Imagine if the government could print extra money and give it to people. You might think this could help to end poverty, but there is a problem. Money represents the value of things which we can buy, like toys, food, and houses. If we print too much money without making more of these things, the value of money drops, and prices go up. In a simple way let's understand with an example. If you want to sell your second hand mobile phone. Suppose, you keep the selling price of 1 thousand rupees. If the demand of you mobile phone is high and price is low, a lot of people would like to buy your mobile phone. And if you increase the price to 5 thousand rupees, very few people would be interested to buy it. If you increase your price to 10 thousand, only one person would buy it, who has the money. Similarly, if the government would give money to all people; all people in the country would have a lot of money. Because of this the prices of goods and services will increase automatically because the supply of goods and services are low, but the demand is high. So, even if you have more money, you still can't afford the things you need. This is called inflation. Basically, it's all based on the concept of Supply and Demand. If you want a detailed blog about Supply and Demand, you can let me know!
Why Does Money Have Different Values in Different Countries?
Have you ever noticed that a dollar can buy a lot in one country but not much in another? This happens because the value of money is like popularity. If a country makes valuable things or offers great services, its money becomes popular and worth more. But if a country doesn't have much to offer, its money isn't as popular, so it's worth less.
How Did the US Dollar Become So Important?
The US dollar is like the coolest currency in the world. A long time ago, during the world war, the US was sselling lots of weapons to other countries. To buy those weapons, other countries needed US dollars. This made the dollar famous. The US also had a lot of gold, which made people trust the dollar even more because, before 1971, all the currencies were linked to gold. This is called Gold Standard.

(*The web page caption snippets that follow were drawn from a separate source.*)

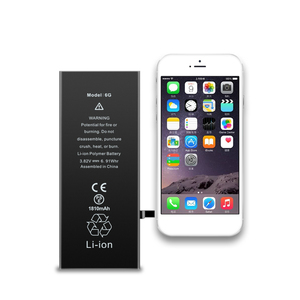 <span class=keywords><strong>Batterie</strong></span> de téléphone intelligente Deji pour <span class=keywords><strong>iPhone</strong></span> 6, 6s, 6 Plus, 7G, 7 Plus, 8G, 8 Plus, OEM, en stock, garantie 12 mois - Product Image 3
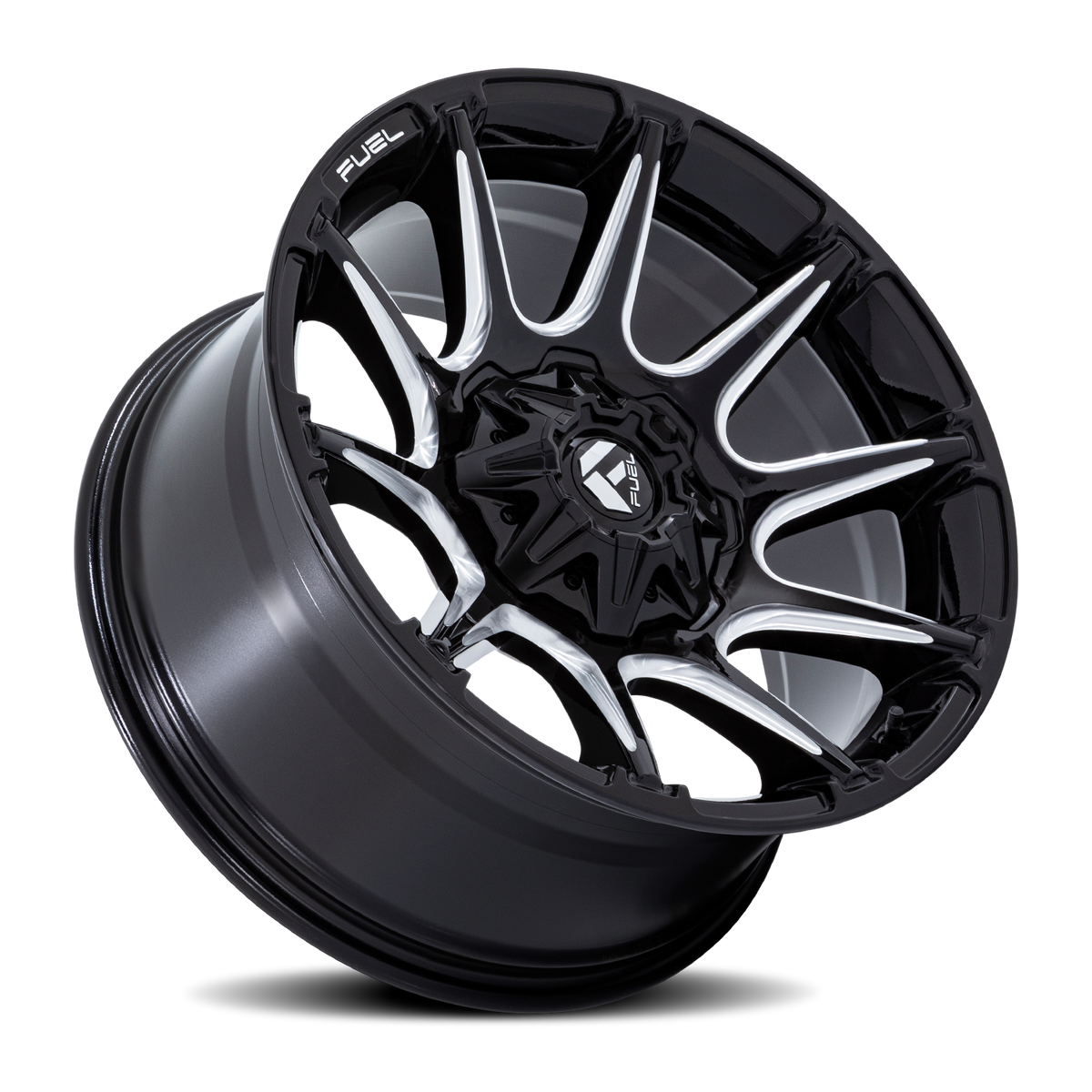 Fuel Super C 20x10 135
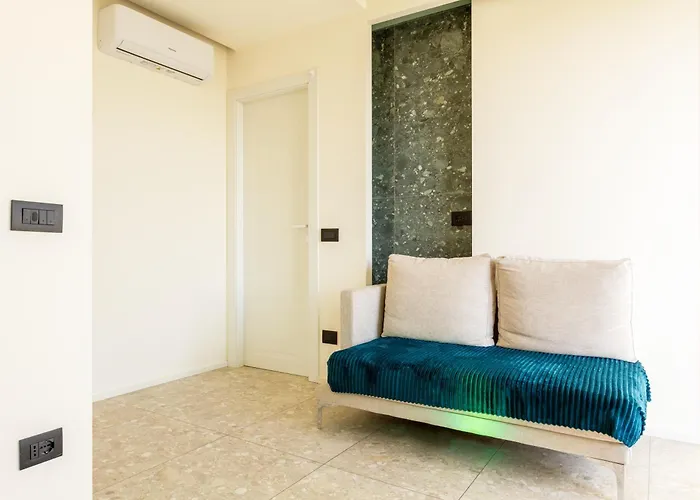 Albert's • Sunset Con Ampio Terrazzo Apartman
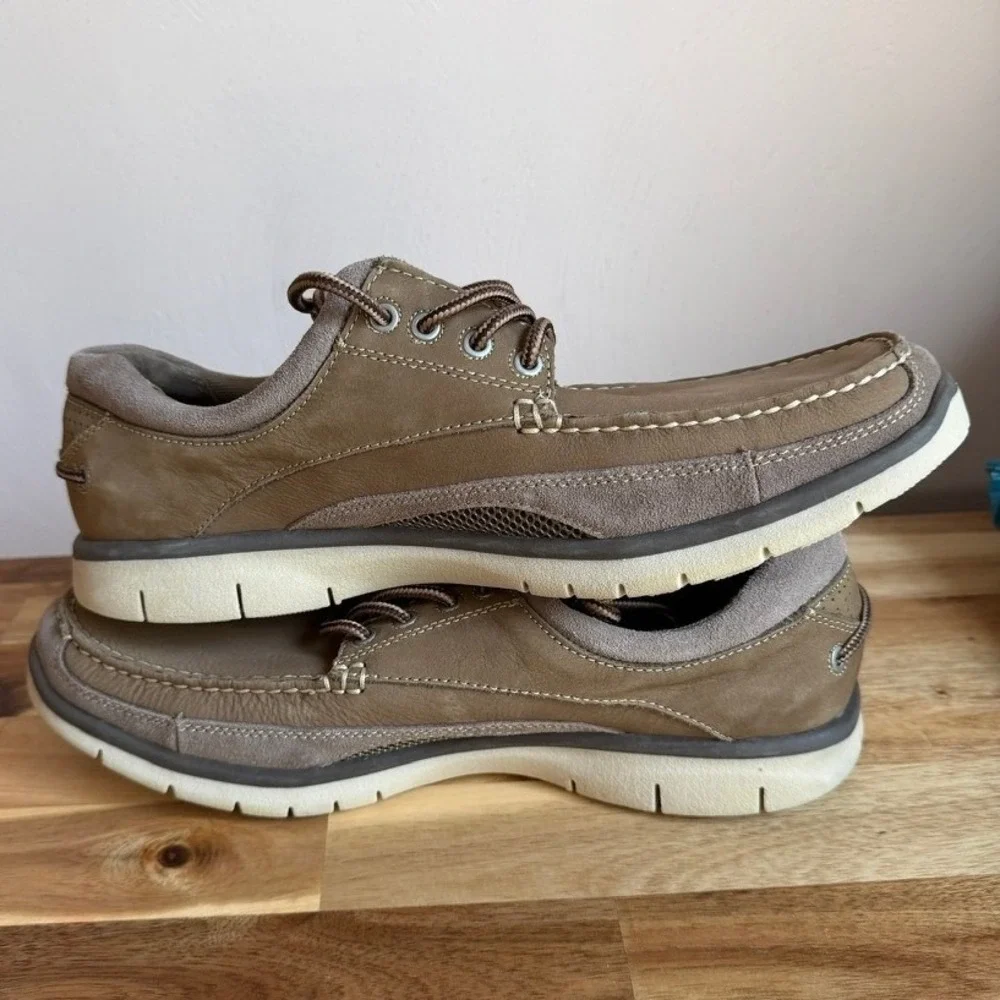 Dockers genuine leather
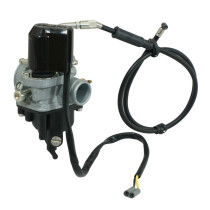 Carburateur DELL'ORTO PHVA 12 P (Montage souple - avec graissage - pour starter auto)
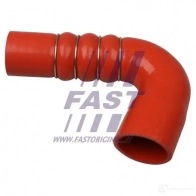 Патрубок интеркулера FAST ft61663 4338540 YG FRF - Изображение 6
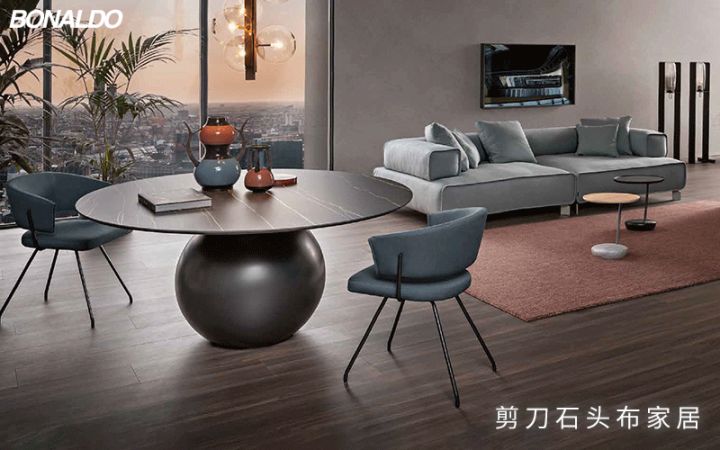 意式轻奢家具低调奢华有内涵,inasi意式极简整体家具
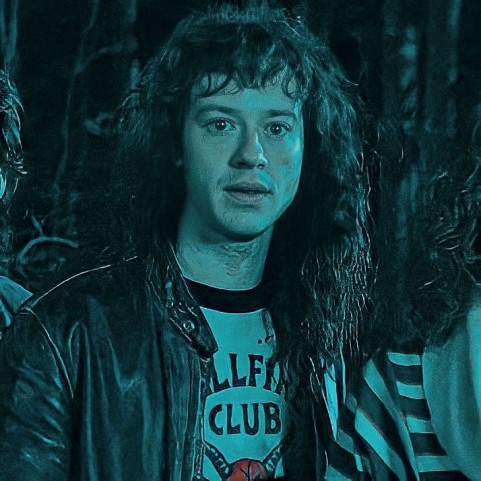 Stranger Things 4 Watch Eddie shred Master Of Puppets in  Kerrang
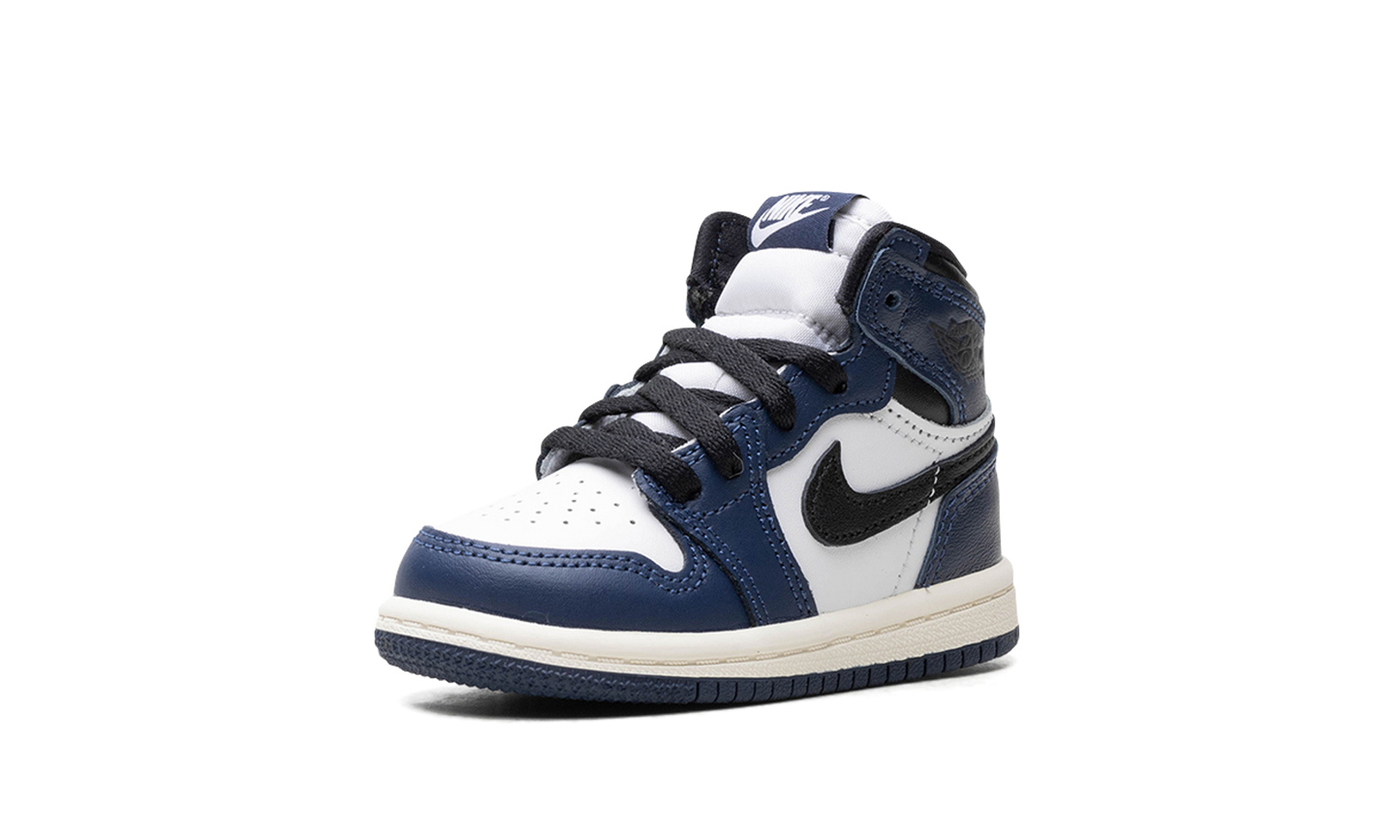 Air Jordan 1 Retro High OG TD "Midnight Navy" FD1413 401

In 1971, Nixon Richard, the president of US, stopped linking the dollar to gold. This is also called Nixon Schock. It was already a big deal. Most countries still use the dollar for trading because they've got a bunch of dollars saved up. That's why it's a top choice for global trade.
Different Ways Money Exchange Happens
When people from one country want to buy things from another country, they need to swap their money for the foreign money. There are three main ways to do this:
1. Floating Exchange: Money's value goes up or down based on how much people want it. If lots of people want it, its value goes up. If not, it goes down. In Floating Exchange, the price of currency is based on Supply and Demand.
2. Fixed Exchange: Some countries decide on a fixed rate for their money compared to another money. For example, 1 US dollar is always worth 3.75 Riyal. In this type of Exchange, it has no connection with Supply and Demand.
3. Managed Exchange: In this Exchange, countries set the highest limit and the lowest limit of their currency. They set a defined boundary of the price of their currency.
In simple words, money's value is like popularity, and the US dollar is the superstar. When we want to buy things from other countries, we exchange our money from another money.